Onset of short sleep duration:
sleeping < 7 h/night at time Tx+1.
Onset of long sleep duration:
sleeping ≥ 9 h/night at time Tx+1.
Onset of disturbed sleep:
reporting an average frequency of sleep complaints more than once weekly (index score ≥ 4) at time Tx+1, reflecting a clinically significant level of disturbed sleep.18,19
Hypertension, Diabetes, and Dyslipidemia
Using unique personal identification codes, participants were linked to the nationwide Prescription Register, which holds automated dispensing data on all outpatient reimbursed purchases of prescribed drugs in every Finnish pharmacy ensuring complete coverage for these records (excluding in-patient admissions).20 The Finnish National Sickness Insurance scheme provides special reimbursement for many chronic diseases, including hypertension and diabetes.
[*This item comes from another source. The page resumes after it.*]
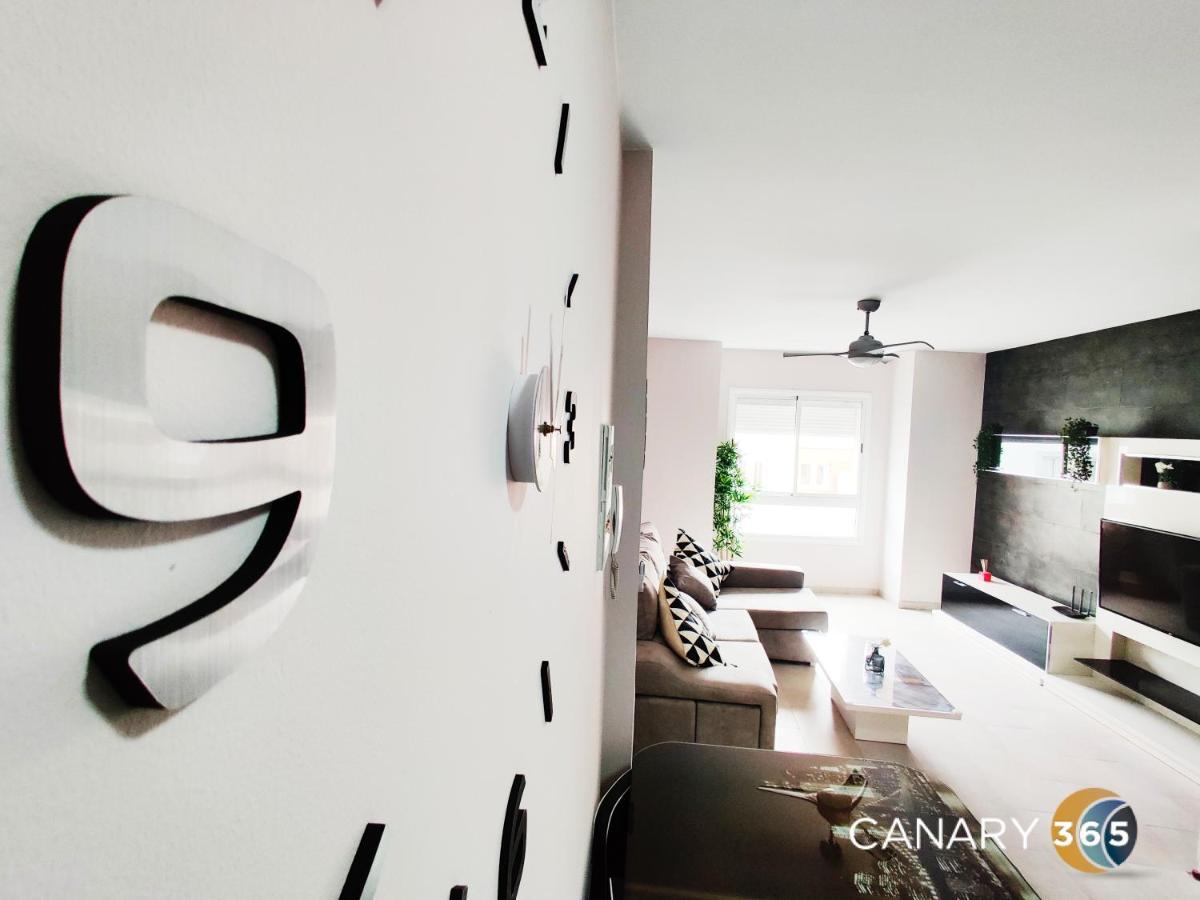 Wavegarden Terrace Apartment By Canary365 Tenoya Dış mekan fotoğraf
Entitlement is based on a detailed medical statement prepared by the treating physician confirming that the patient met explicitly predefined diagnostic criteria.21 Information on granted reimbursement is stored in the Central Reimbursement Register.
Hypertension
We defined cases of hypertension at the time they were listed in the Central Reimbursement Register as being granted special reimbursement for treatment of chronic hypertension during follow-up. Entitlement was based on: repeated evidence of diastolic blood pressure > 105 mm Hg, or diastolic pressure > 95 mm Hg with cardiovascular comorbidities or signs of complications; or systolic pressure > 200 mm Hg, after 6-month follow-up without pharmacological treatment and subsequent 6 months' pharmacological treatment.21
Type 2 Diabetes
Diabetes cases were defined at date of being granted special reimbursement for treatment for type 2 diabetes during follow-up. Confirmation of diabetes requires physician documented evidence of a fasting plasma glucose of ≥ 7.0 mmol/L, or a non-fasting plasma glucose of ≥ 11.1 mmol/L and symptoms of diabetes, e.g., polyuria, polydipsia, or glucosuria.21
Dyslipidemia
Treatment initiation of statins (ATC code C10AA)—the primary treatment for dyslipidemia—was used to identify cases of dyslipidemia at the date of first dispensed prescription during follow-up. In Finland, statins are available by prescription only.
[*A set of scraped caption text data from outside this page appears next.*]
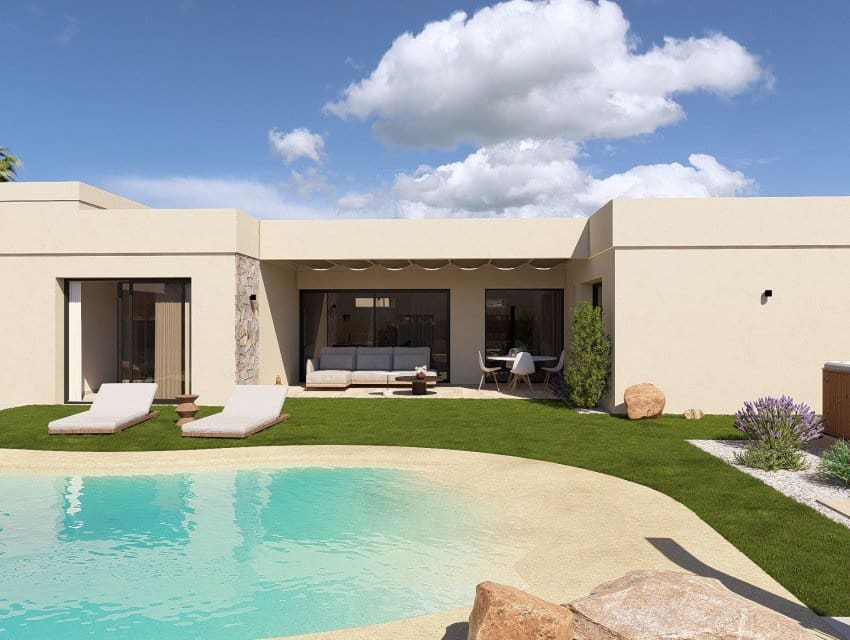 Chalet de 3 habitaciones en Baños y Mendigo en venta con piscina - 646.000 € (Ref: 9794963)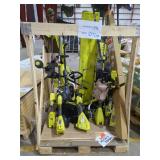 Ryobi String Trimmers, Miter Saw Stand
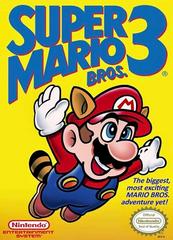 Super Mario Bros 3 | (DMGL) (NES)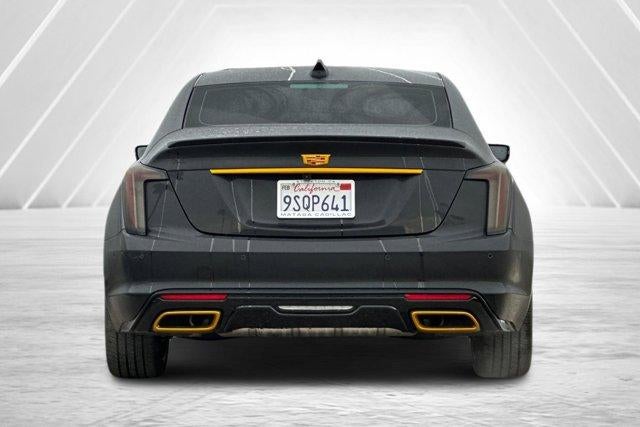 2025 Cadillac CT5 4dr Sdn Sport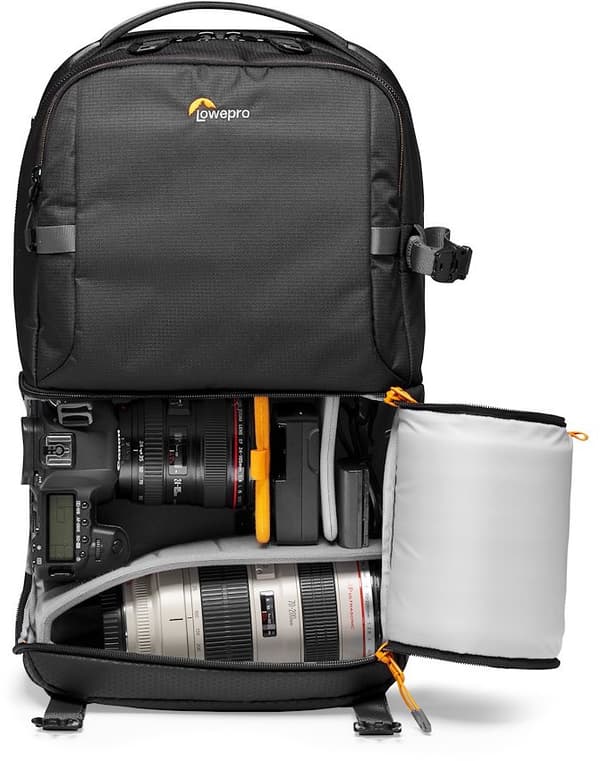 Lowepro backpack Fastpack BP 250 AW III, black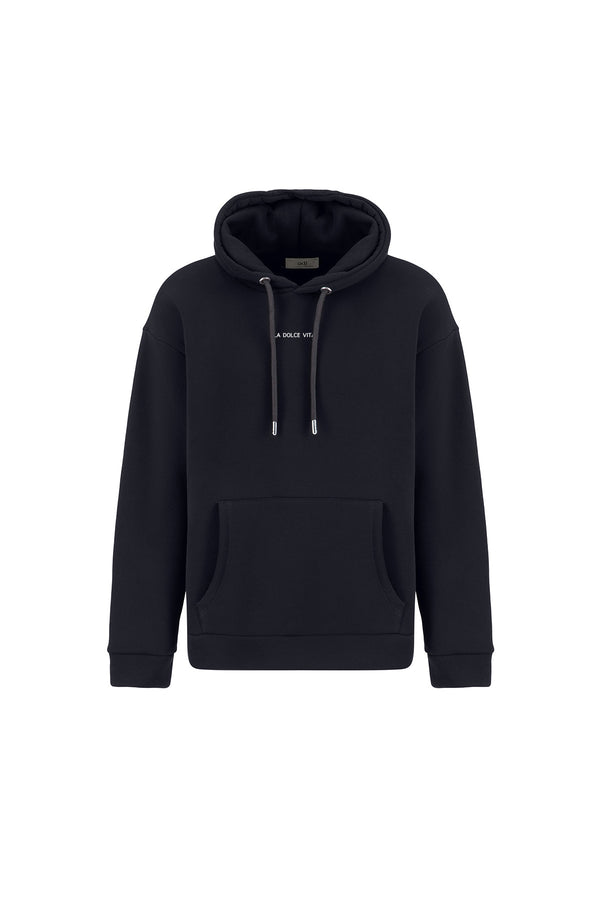 SWEAT - MODELE DOLCE VITA NOIR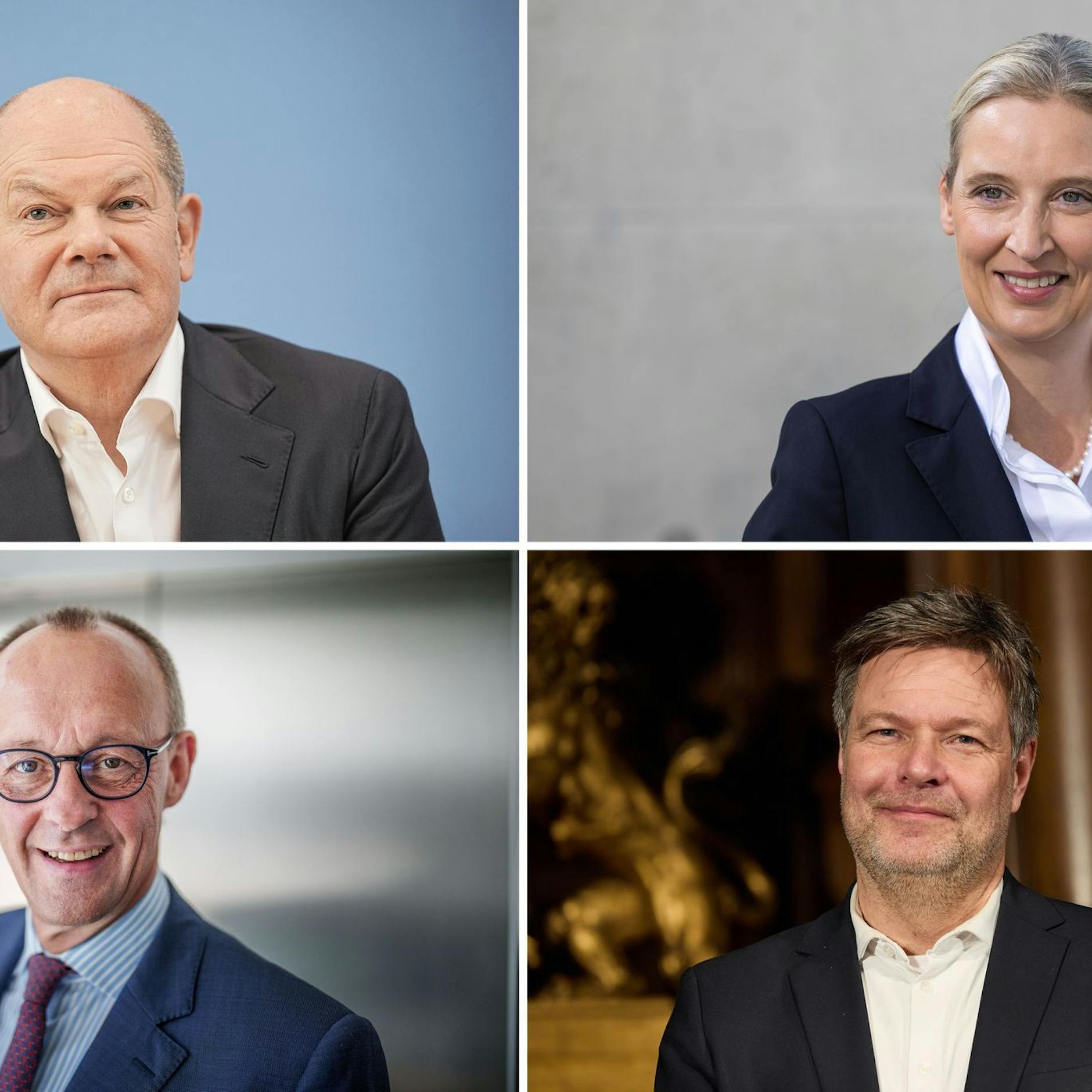 Image - Wer wird Kanzler? Wahl-Quiz mit Günther Jauch live im TV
Participants were linked to electronic medical records and followed from the second time-point until the date of the outcome of interest, death, or end of follow-up on December 31, 2011.
Covariates
Employers' records and national registers provided information on sociodemographic characteristics: sex, age, retirement, and occupational status (based on the International Standard Classification of Occupations [ISCO-88]).22 Shift work was obtained by survey only for employees at the target organizations. Cohabitation and lifestyle factors were obtained by survey. Respiratory disorders (chronic obstructive pulmonary disease [COPD] and asthma) were defined as a primary diagnosis at hospitalization or granted special reimbursement for treatment within three years prior to the first time-point in each data-cycle. Cancer diagnoses were obtained from the Finnish Cancer Registry within 5 years prior to the first time-point in each data-cycle. Depression was obtained as a self-reported doctor-diagnosed depression and/or a record of purchases of more than 30 defined daily doses (DDD) of antidepressant medication (ATC-code N06A) within 3 years prior to the first time-point in each data-cycle. Psychological distress was defined as ≥ 4 symptoms on the 12-item version of the General Health Questionnaire.23 The 6-item Trait Anxiety Inventory was used to quantify subjective symptoms of anxiety.24
Statistical Analyses
With the FPSS-waves structured as 2 data-cycles, results of these were pooled to increase statistical power. We modelled the hazard ratio (HR) and corresponding 95% confidence intervals (CI) of the individual outcomes associated with onset of impaired sleep duration and disturbances in separate models (as shown in Figure 2). Clustered proportional hazards Cox models with participant ID as the cluster variable were used to account for within-person correlation across data-cycles. Due to similarity of effects between the genders (Table S1 in the supplemental material) and the limited power to address effects among men, analyses were performed for men and women together. Participants were followed from the date of the second time-point, Tx+1, until granted reimbursement for treatment of hypertension, diabetes, or filled prescription for statins, death, or end of follow-up in each data-cycle with “follow-up time,” i.e., time from the second time-point as the underlying time-scale.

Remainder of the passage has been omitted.